*Collected data*.
------------------------------------------------------------------------

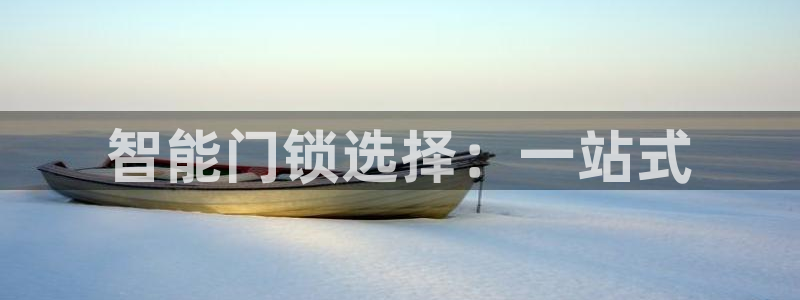 利记官网a：智能门锁选择：一站式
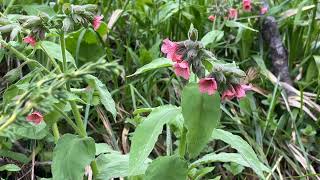 Examining the Plant Pulmonaria Officinalis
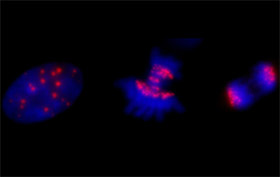 Теломери хромосом на різних етапах клітинного циклу; ДНК хромосом пофарбована синім, теломери - червоним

------------------------------------------------------------------------

*Task*. Could each line of the data be written out exactly, with no pictures included?

*Worked solution*.
 利记官网a：智能门锁选择：一站式
 Examining the Plant Pulmonaria Officinalis
 Теломери хромосом на різних етапах клітинного циклу; ДНК хромосом пофарбована синім, теломери - червоним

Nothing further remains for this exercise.